Visibilización y denuncia de la violencia

     La primera función de los estudios para la paz es reconocer la existencia de la violencia con el fin de visibilizarla y, al mismo tiempo, denunciarla. No tendría sentido buscar alternativas favorables a la consecución de la paz si antes no se examinan las situaciones de injusticia a transformar por medios pacíficos. Por ejemplo, explorar el conflicto, saber sobre las partes implicadas, y conocer sus razones y sus circunstancias son factores necesarios antes de centrarse en la construcción de unos acuerdos favorables a su transformación por medios pacíficos. Este análisis nos ayudará a comprender la naturaleza del conflicto o de cualquier otra violencia, con la finalidad de hacerla visible.

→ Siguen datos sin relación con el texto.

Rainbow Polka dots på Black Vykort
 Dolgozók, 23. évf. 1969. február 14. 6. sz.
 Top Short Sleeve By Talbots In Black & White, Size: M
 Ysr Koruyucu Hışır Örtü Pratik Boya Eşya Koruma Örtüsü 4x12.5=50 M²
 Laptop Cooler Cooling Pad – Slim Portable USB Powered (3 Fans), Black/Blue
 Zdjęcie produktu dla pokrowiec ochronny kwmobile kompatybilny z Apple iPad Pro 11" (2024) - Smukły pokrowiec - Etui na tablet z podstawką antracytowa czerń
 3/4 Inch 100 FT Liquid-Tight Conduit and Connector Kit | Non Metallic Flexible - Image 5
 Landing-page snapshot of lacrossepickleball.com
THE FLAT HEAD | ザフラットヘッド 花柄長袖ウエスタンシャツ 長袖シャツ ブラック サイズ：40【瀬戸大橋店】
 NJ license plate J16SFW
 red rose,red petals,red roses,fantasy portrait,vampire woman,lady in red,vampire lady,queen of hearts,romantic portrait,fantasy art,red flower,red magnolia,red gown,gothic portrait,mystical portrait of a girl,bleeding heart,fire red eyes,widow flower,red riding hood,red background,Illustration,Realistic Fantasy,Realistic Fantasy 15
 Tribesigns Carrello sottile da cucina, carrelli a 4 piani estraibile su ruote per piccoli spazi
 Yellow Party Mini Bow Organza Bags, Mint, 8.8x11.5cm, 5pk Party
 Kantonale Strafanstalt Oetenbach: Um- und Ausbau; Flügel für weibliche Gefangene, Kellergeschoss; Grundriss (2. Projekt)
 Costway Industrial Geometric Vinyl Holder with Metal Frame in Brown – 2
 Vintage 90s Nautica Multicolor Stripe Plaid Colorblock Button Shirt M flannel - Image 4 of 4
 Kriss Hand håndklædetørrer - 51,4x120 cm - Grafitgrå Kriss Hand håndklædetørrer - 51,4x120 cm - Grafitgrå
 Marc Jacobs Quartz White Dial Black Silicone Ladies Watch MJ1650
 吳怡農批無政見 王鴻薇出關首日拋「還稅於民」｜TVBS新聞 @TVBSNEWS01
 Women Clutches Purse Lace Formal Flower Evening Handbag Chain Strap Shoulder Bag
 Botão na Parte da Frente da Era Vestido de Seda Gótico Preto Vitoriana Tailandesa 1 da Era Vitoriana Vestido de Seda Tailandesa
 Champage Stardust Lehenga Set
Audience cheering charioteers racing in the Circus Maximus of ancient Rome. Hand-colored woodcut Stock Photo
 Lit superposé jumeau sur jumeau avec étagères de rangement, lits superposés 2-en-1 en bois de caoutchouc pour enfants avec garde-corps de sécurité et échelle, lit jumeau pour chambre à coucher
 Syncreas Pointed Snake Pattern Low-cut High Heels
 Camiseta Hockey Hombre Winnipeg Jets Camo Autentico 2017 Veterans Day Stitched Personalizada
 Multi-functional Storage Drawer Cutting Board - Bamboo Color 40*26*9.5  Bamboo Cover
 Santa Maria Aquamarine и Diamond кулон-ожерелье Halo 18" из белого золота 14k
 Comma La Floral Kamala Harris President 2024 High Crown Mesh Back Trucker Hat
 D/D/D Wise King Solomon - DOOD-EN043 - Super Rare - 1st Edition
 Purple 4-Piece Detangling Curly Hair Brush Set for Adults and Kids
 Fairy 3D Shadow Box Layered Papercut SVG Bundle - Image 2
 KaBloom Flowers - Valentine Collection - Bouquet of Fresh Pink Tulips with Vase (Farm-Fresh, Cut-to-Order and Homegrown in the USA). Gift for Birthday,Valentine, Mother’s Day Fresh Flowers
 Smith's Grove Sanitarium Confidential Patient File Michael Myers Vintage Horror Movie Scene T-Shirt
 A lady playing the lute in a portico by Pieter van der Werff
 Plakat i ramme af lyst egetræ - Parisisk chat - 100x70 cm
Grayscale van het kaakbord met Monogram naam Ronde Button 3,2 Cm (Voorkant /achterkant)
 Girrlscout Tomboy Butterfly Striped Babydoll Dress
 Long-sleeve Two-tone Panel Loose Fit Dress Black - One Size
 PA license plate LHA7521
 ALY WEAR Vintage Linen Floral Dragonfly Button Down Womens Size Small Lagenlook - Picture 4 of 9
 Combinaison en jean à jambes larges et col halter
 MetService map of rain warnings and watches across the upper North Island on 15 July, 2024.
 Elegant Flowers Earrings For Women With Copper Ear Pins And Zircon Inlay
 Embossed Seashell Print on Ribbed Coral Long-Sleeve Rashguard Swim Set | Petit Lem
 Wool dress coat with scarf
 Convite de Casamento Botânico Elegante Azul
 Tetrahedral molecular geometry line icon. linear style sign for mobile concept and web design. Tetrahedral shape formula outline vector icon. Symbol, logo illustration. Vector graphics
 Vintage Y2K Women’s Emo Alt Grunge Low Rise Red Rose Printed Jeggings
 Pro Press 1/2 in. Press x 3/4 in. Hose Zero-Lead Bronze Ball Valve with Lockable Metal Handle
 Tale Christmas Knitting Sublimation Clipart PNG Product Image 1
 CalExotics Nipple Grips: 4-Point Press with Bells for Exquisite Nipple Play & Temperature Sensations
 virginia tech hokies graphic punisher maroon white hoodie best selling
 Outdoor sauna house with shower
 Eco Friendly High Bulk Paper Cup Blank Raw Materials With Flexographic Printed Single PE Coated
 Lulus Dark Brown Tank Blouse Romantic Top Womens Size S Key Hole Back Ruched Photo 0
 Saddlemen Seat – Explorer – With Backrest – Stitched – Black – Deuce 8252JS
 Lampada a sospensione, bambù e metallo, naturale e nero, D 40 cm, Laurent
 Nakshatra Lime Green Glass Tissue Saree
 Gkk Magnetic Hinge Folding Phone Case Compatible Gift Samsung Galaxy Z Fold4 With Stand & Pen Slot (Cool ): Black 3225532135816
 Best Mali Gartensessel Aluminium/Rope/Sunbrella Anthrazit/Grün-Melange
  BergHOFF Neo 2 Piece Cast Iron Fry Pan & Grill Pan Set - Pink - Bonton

     No obstante, esta función deconstructiva de los estudios para la paz no debe quedarse aquí, en la simple visibilización, sino  llevar a la denuncia de unos hechos que repercuten en el ser humano y, por lo tanto, también en su sufrimiento y el de la naturaleza. Denunciar los hechos violentos que suceden facilita la toma de conciencia de las personas afectadas por las injusticias o de la población en su conjunto. Sería manifestar la concienciación como la actitud promotora  del papel activo que las partes pueden llevar a cabo ante una situación de injusticia. Con este mismo sentido aparece la noción de concientización en la pedagogía de Freire (1970; 1992; 1993; 2001; 2002), al señalar la necesidad de que la persona educada asuma un papel activo en el proceso  educativo, a partir de la toma de conciencia de las situaciones vividas.

CONCLUSIONES

     Se concluye que los conflictos están en todos lados y son recibidos desde que nos levantamos hasta que nos acostamos y son propiciados por los medios de comunicación de masas atentan contra la paz con una violencia directa visible y al mismo tiempo invisible, puesto que a través de mensajes subliminares llega hasta los interlocutores, oyentes y tele expectante influyendo negativamente. Es por ello, que por mucho que las ciencias estudie y coloque los muros de contención contra la violencia siempre habrá una brecha donde permea a la sociedad y se originen los conflictos.

     Es necesario aprender a comunicar y a comunicarnos de una forma pacífica, ya que se convierte en un elemento básico si queremos hacer frente a los niveles de violencia de esta sociedad. Elaborar alternativas positivas que sirvan para transformar las injusticias por medios pacíficos requiere el uso de un específico modelo educativo y de comunicación adecuada, con ética y profesionalismo.

 REFERENCIAS

Almeida (2018). Métodos de Solución de Conflictos. 1° ed. La Asunción. Ibérica.

González (2001). Organización de Naciones Unidas. Corte Internacional de Justicia. La Paz Como Misión de la ONU. Washington.

Guzmán (2006). Organización de Naciones Unidas. Corte Internacional de Justicia. Los Conflictos Internacionales. Washington.


Martínez, J. (2005) Historia Contemporánea. 1° ed. Venezuela. Océano.